The dinosaur made national news headlines after the town of Thetford deemed it a structure, not a sculpture, and asked Boland to pay a building permit. The following year, the wooden creation would collapse, only to be rebuilt once again with the help of a few dozen volunteers.


Brian Boland, a hot air balloon pilot with an international reputation for do-it-yourself balloon building, died on Thursday after falling from his balloon near the Connecticut River in Bradford. He was 72.

Boland and four passengers took off  on Thursday evening from Post Mills Airport in Thetford, where Boland lived with his partner, Tina Foster. Some time later, the balloon touched down in a field. The basket tipped over, causing one of Boland’s passengers to fall out. As the balloon rose again, Boland became entangled in the gears below the basket, fell to the ground and was killed, according to Vermont State Police.

The balloon drifted across the Connecticut River, landing in a copse of trees, where the remaining three passengers climbed out unharmed.

The National Transportation Safety Board is investigating the incident.

Boland had been building and flying his homemade aircraft for more than five decades. In 1971, he constructed his first hot air balloon for his master’s thesis at the Pratt Institute in New York City. After graduating from Pratt, Boland became an art teacher at Farmington High School in Connecticut, where Paul Stumpf, a balloon mechanic and builder who now lives in Andover, was one of his students. Under Boland’s tutelage, Stumpf found his own passion for ballooning.

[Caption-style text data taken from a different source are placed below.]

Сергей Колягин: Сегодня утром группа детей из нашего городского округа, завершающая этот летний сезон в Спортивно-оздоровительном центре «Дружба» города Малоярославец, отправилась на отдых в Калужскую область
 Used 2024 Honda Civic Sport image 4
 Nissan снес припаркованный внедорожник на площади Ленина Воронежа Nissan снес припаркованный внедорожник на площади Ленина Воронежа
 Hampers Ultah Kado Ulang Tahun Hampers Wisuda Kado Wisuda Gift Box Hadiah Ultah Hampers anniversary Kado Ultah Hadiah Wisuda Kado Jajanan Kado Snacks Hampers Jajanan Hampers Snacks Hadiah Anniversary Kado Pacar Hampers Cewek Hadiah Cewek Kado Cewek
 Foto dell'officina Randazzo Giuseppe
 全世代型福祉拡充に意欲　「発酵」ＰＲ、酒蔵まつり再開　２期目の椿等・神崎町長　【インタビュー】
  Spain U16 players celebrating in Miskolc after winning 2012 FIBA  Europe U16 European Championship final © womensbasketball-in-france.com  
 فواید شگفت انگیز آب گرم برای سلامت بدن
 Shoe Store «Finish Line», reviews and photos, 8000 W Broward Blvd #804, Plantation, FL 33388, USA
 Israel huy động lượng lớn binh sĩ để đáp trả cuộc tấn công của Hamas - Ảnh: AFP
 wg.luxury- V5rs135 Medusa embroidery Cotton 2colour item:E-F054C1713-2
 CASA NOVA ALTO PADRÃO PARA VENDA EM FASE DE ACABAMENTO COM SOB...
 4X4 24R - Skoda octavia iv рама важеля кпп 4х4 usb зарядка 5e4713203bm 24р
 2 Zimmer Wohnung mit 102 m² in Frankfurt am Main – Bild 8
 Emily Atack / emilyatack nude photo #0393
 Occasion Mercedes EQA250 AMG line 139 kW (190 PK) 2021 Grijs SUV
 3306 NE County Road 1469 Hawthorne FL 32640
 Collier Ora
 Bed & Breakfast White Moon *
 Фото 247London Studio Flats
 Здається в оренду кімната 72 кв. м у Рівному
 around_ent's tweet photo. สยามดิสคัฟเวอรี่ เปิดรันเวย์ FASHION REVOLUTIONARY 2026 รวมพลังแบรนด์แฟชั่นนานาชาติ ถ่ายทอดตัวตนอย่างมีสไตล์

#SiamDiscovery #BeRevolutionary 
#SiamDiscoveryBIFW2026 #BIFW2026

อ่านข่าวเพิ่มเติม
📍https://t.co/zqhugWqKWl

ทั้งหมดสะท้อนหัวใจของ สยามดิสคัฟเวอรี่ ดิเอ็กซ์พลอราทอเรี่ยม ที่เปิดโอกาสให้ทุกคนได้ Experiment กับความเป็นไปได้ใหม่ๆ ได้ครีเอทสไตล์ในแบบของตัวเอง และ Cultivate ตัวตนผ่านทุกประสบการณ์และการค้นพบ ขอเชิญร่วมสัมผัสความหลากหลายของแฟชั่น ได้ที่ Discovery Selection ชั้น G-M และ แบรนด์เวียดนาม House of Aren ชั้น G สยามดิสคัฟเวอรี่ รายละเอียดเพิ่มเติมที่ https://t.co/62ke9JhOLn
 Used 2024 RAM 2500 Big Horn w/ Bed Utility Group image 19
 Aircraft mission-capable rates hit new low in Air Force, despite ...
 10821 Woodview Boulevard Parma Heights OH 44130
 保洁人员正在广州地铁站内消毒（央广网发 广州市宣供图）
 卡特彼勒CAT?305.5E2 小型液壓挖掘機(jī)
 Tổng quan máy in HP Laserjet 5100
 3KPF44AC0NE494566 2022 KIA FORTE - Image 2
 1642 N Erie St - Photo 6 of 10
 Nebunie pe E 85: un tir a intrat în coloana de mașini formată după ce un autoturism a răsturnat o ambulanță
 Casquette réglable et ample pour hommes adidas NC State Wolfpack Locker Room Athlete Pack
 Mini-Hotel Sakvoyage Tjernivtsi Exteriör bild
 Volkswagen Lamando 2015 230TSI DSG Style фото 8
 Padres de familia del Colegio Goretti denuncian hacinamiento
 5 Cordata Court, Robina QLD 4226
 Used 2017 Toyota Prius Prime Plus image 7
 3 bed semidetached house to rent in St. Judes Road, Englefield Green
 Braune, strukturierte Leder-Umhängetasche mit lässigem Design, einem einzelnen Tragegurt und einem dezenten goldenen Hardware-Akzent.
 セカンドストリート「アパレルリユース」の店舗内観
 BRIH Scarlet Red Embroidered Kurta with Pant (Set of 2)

“Brian was a natural pied piper, just absolutely charismatic,” said Stumpf. “He was never at a loss for people to help him with his projects.”

In 1993, Boland’s only child, Jeff, died unexpectedly of a heart attack while mountain biking. Seventeen years later, as a tribute to his son, Boland decided to turn a pile of scrap wood from the collapsed roof of the museum he created at the Post Mills Airport — a madcap curation of sundry objects and some of Boland’s original pieces, including a multi-story installation made with hundreds of crutches — into a 122-foot sculpture of a brontosaurus.

As Stumpf recalled, at least 100 people showed up to help him build it. (A permitting dustup ensued; finally, the Town of Thetford ruled that the brontosaurus was, indeed, a work of art.)

Boland met Foster in 2005, after he landed his hot air balloon in her neighbor’s yard. When Foster came outside to help him pack up his balloon, Boland invited her to the Post Mills Airport, which he had purchased after he moved to Vermont in the late 1980s, to help him install a clawfoot tub on the roof.

“You couldn’t stand around him for more than two minutes before he’d ask you to do something,” Foster said. “He always had some huge project going on.”

Eventually, Foster moved into Boland’s apartment above one of the hangars at the airport. According to Foster, an art teacher had once told Boland that it was always possible to make interesting work with the right quantity of anything, a dictum which seems to have informed his sculpture made of crutches; consequently, Foster said, she was never allowed to throw away a spent light bulb.

“He was a genius,” she said. “He just saw things differently from everyone else. He could make amazing stuff out of nothing, and he lived the way he wanted to.”

Boland had an antic spirit, a restlessness that drove him to eclectic exploits. Over the course of his life, he logged 11,000 hours in the air, a feat matched by few other balloonists.

Boland drifted over the canopy of the Amazon rainforest and earned the distinction of being the first person to cross the 250-mile span of Long Island Sound in a small hot air balloon.

He had an epic, booming voice; sometimes, Stumpf’s parents in Connecticut would call and tell him that Boland had flown over their house.

“I’d say, ‘Did you see his balloon?’” said Stumpf. “And they’d say, ‘No, we just heard him talking to the passengers.”

On Friday morning, as media outlets from the Boston Globe to People magazine reported on Boland’s death, the Balloon Federation of America posted a tribute to him on its Facebook page. In the comments section, the remembrances poured in.

“He landed in our yard in Vershire VT one summer and took us for a little lift up,” one person wrote. “Nicest man.”

“Balloon man,” reads another post, “I will miss your flyovers.”